The clue in the last sentence was the word “specific” Your focus was too narrow.
You are putting into Google what you are afraid of, either looking to get evidence that you have a brain tumour, then you can sort it, or you are seeking reassurance that you do not have a tumour.
Enter “headache” into Google, and you will get a list of all possible causes, most of which will not scare you half to death.
Or give Dr Google a break and ask a medical doctor.
What happens when I keep googling my symptoms
You are making the pathway for anxiety stronger in your brain
Googling your symptoms is fine if you get the answers you seek and leave them.
However, it is not OK if it is something that you habitually do when you are feeling anxious.
In the long run, you are preparing a well-trodden path in your brain that alerts you to do this each time you feel anxious.
How does it start?
Let’s take the example of chest pain, assuming you have been given the all-clear medically.
You get the pain and probably a whole selection of other symptoms, and bang, the thoughts start.
What if it is my heart?
What if they missed something?
How do I know the difference between anxiety and a heart attack?
Before you know it, you’re on Google, looking for answers and, more importantly, reassurance to help calm you down.

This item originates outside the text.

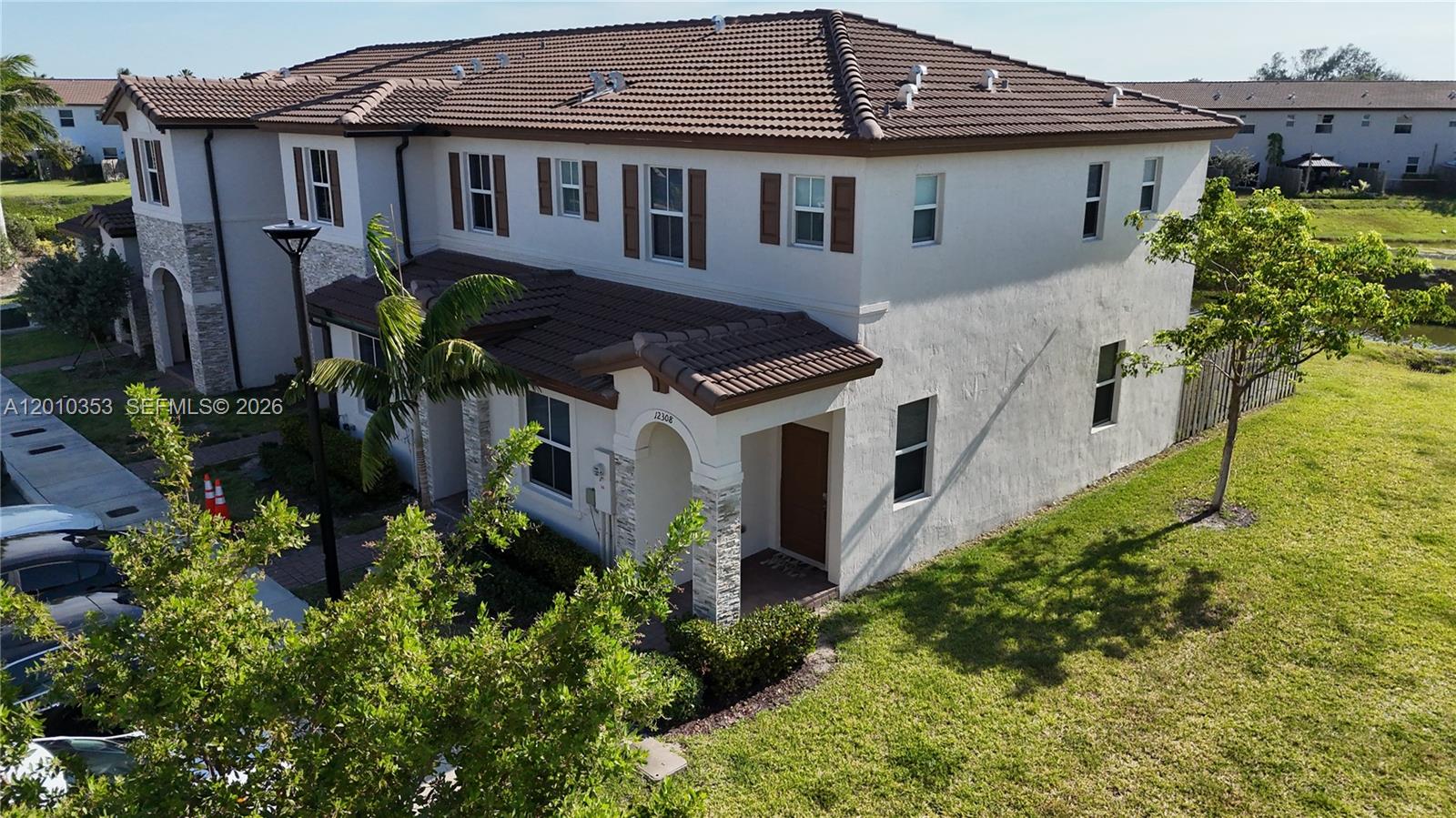 An aerial view of a two-story stucco townhouse with a brown tile roof — 12308 NW 23rd Ct # 12308, Miami FL 33167, MIAMI, FL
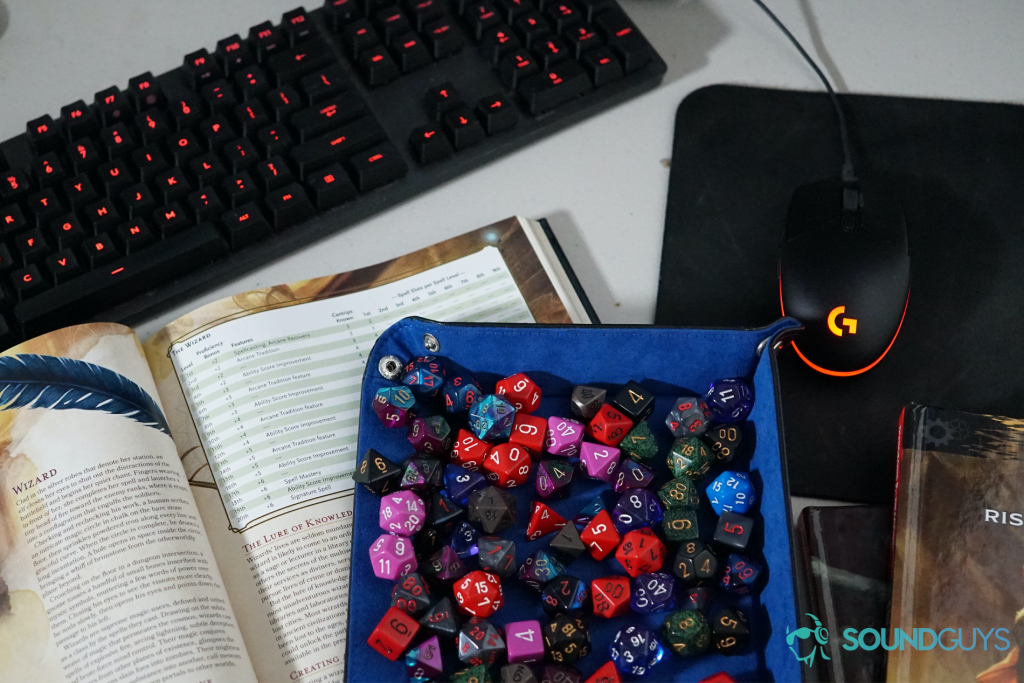 A pile of polyhedral dice sit on an open page of the Dungeons and Dragons Players Handbook in front of a Logitech mouse and keyboard, next to a copy of the Dungeons and Dragons book, Eberron: Rising from The Last War.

The key to it, is to see it for what it is
Something happens. In this case, chest pain
Followed by thoughts. What if it is my heart
These thoughts, combined with the real pain that you are feeling, is making you afraid.
This is when you turn to Google and momentarily feel okay when you find the information that says you are okay and calm down a little.
Your brain is quick to learn; I feel anxious, I know; I’ll check Google for some information, which sometimes calms me down.
This becomes the well-trodden path in your brain that will complete automatically next time you feel this way.
It is the anxiety that you now feel that makes you want to Google.
It is the anxiety that is fueling the scary thoughts that you have.
The thoughts then make you more anxious, and are stuck in a vicious loop.
It would help if you found another way to calm yourself down (instead of frantic searching). Then you break the chain; you break the learning, the well-trodden path in your brain.
You will also teach yourself to develop a new, more helpful path in your brain.
It is not the emotion, the anxiety, that is the problem, but how you respond to it.
You need to develop a new pathway
The one that you currently have is keeping you anxious. Ask yourself these questions.
Do you feel in control?
Are you able to take time and read the information that you are reading, or
Do you frantically bounce from one website to the next, scanning the pages, looking for “something”?
I am guessing that when you Google, you feel very anxious both in your mind and body as you search for some explanation.
It is essential in terms of what you are doing to your brain and the impact this has on your anxiety levels.
Your brain is learning; when you feel anxious, you start searching for symptoms, and when this happens, you feel more anxious.
Each time you repeat this pattern, you strengthen your brain’s connection.
Feel anxious + scary thoughts = Google symptoms
Except this never makes you feel okay
You want new learning
Feel anxious + scary thoughts = use another method to calm down how I feel in my mind.
If you do this, you are starting to respond to the emotion (the anxiety) in a more helpful way, which does not keep you anxious.
If there is one point that I want you to take from this page, it is
Anxiety is not the problem; it is how you respond to the anxiety that creates the problem.
You can choose to respond differently.